- _TASK GOAL_
Beginning at the line that contains "a small white", reproduce the entries below exactly, ending with the line that contains "X0000097830934200803201455". Omit each picture.

++++ PROVIDED INFORMATION

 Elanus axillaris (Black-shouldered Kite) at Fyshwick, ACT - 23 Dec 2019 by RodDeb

++++++++
++++ PROVIDED INFORMATION

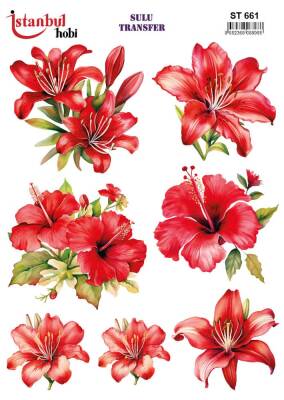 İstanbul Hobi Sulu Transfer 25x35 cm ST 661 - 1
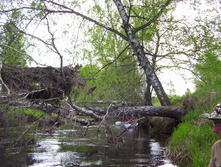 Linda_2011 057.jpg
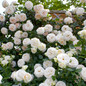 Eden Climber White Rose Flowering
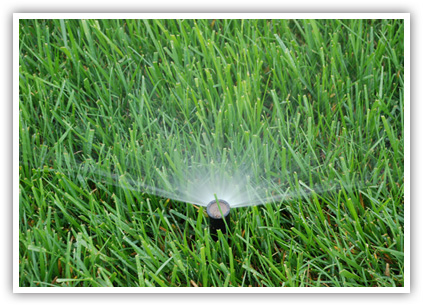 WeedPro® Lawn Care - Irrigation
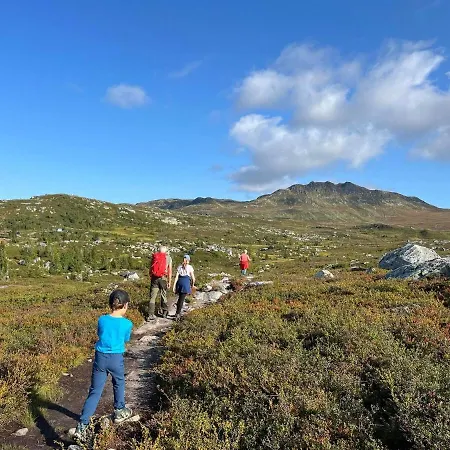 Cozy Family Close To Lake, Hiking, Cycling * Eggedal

++++++++
++++ PROVIDED INFORMATION

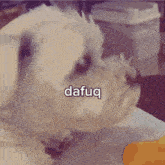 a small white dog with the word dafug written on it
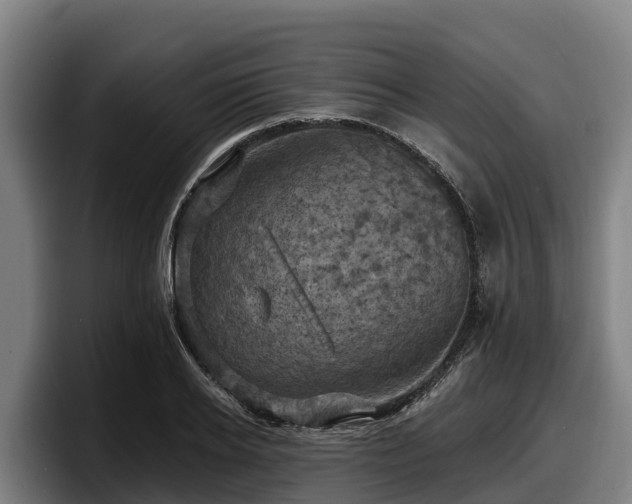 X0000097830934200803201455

++++++++

- _RESULT OF THIS EXERCISE_
 a small white dog with the word dafug written on it
 X0000097830934200803201455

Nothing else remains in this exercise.